About this task:
Transcribe exactly the lines from the first line of the records through the line containing "У Донецькій області", and leave out every picture.

Captioned web image data:
******

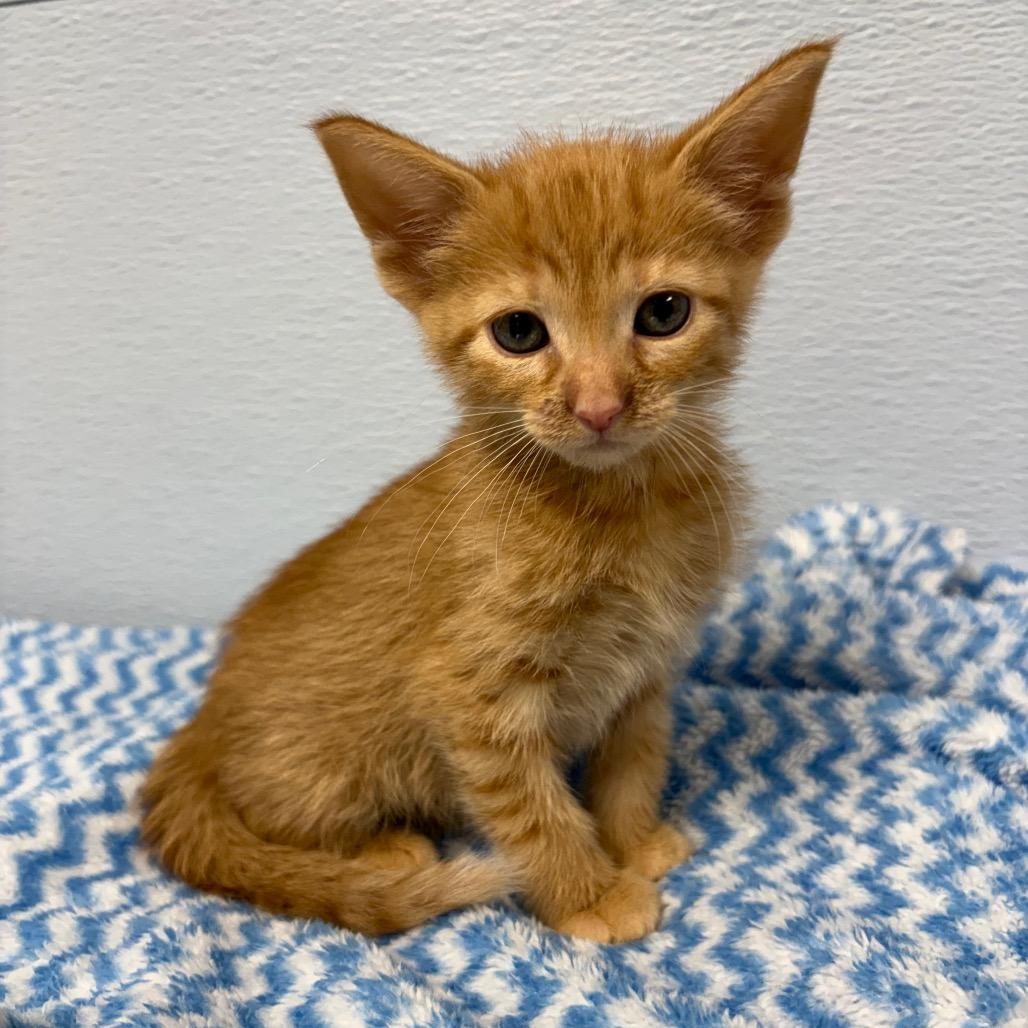 Hagrid, a ADOPTABLE Domestic Medium Hair in Crookston, MN image 1/2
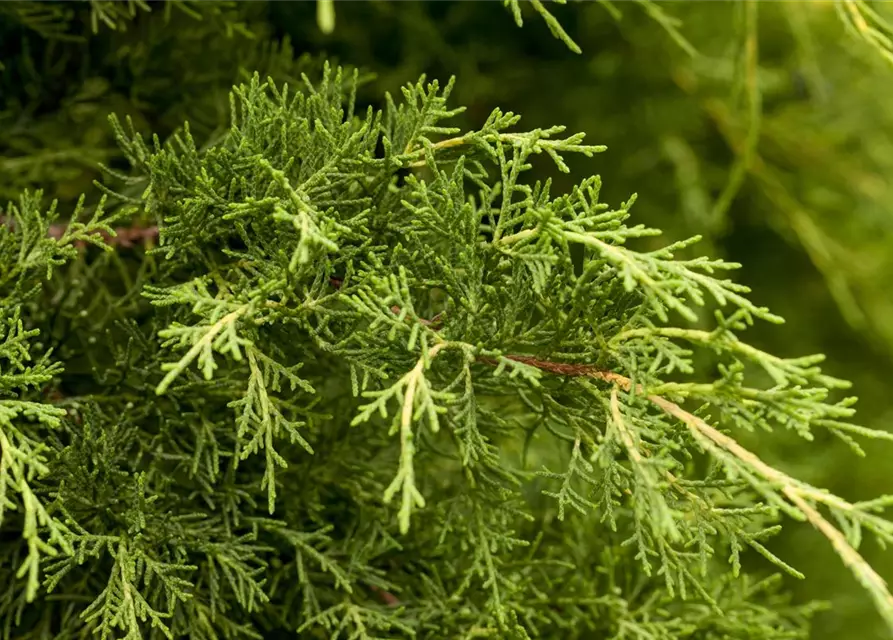 Juniperus x pfitzeriana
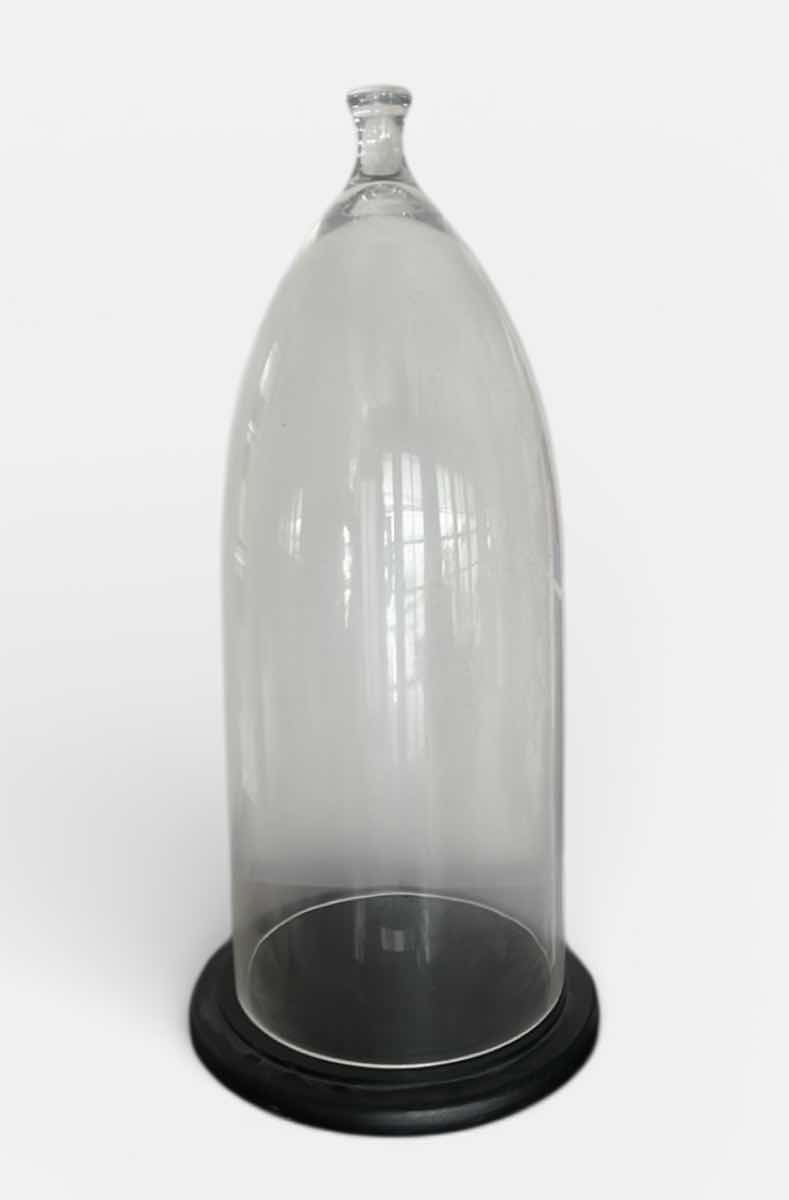 Photo 1 of GLASS DISPLAY CLOCHE WITH A BLACK BASE. H21 1/2”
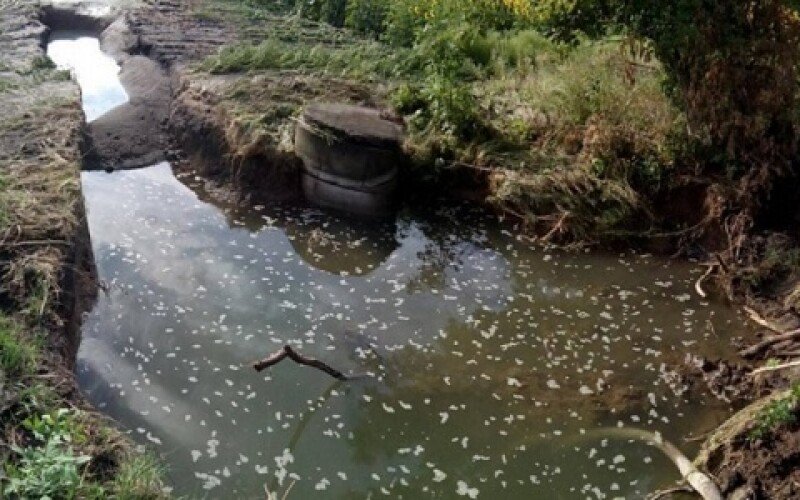У Донецькій області міста залишилися без води через аварію
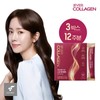 에버콜라겐 스킨앤헤어 3박스(12주분) 헤어콜라겐 모발콜라겐 EverCollagen Skin and Hair 3 Boxes (12 Weeks Supply) Hair Collagen Hair Collagen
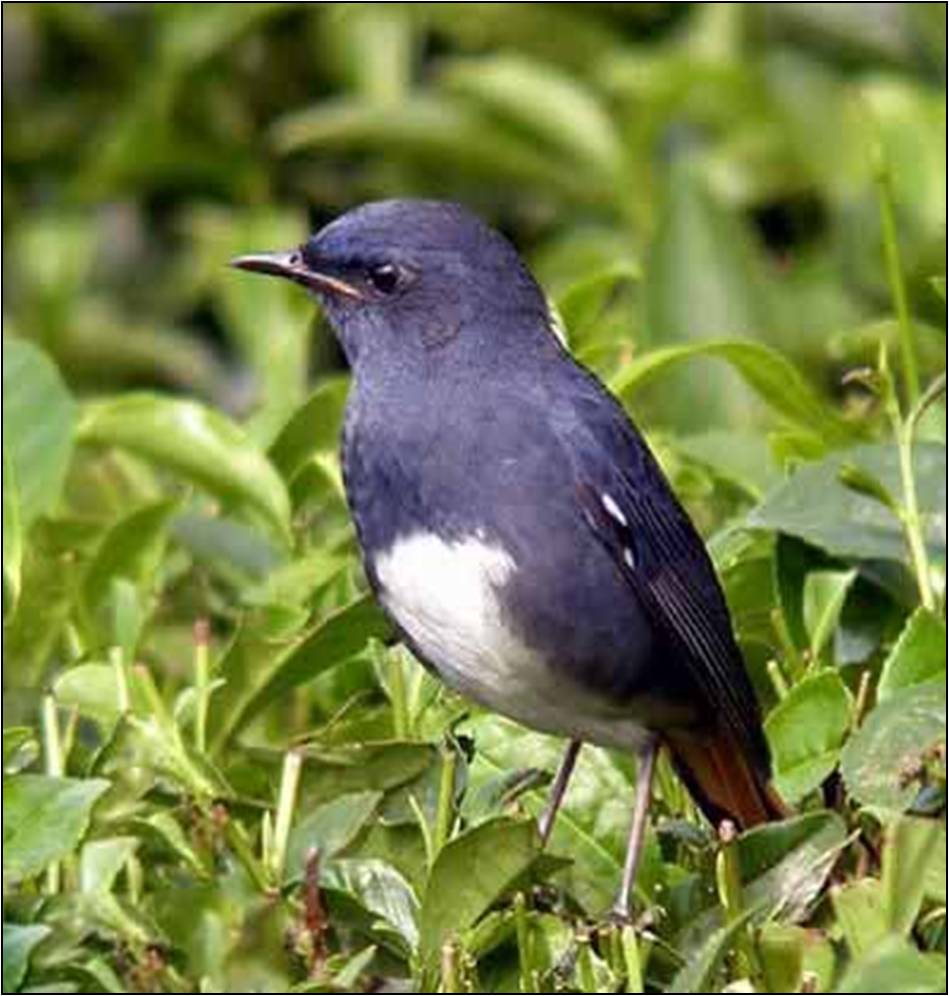 雀形目鸟类图谱 (5)上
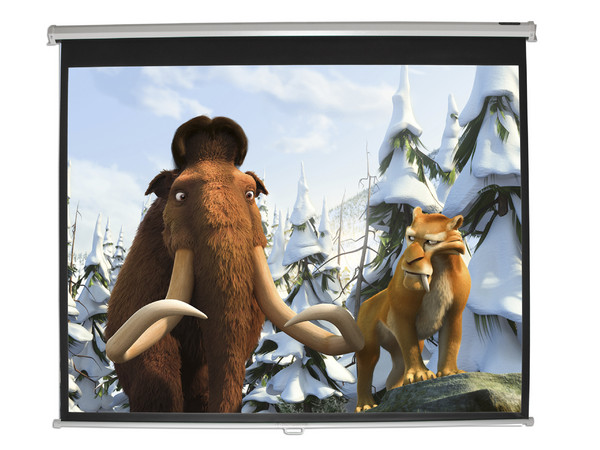 Pantalla para proyector de 80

******

Written response:
 Hagrid, a ADOPTABLE Domestic Medium Hair in Crookston, MN image 1/2
 Juniperus x pfitzeriana
 Photo 1 of GLASS DISPLAY CLOCHE WITH A BLACK BASE. H21 1/2”
У Донецькій області міста залишилися без води через аварію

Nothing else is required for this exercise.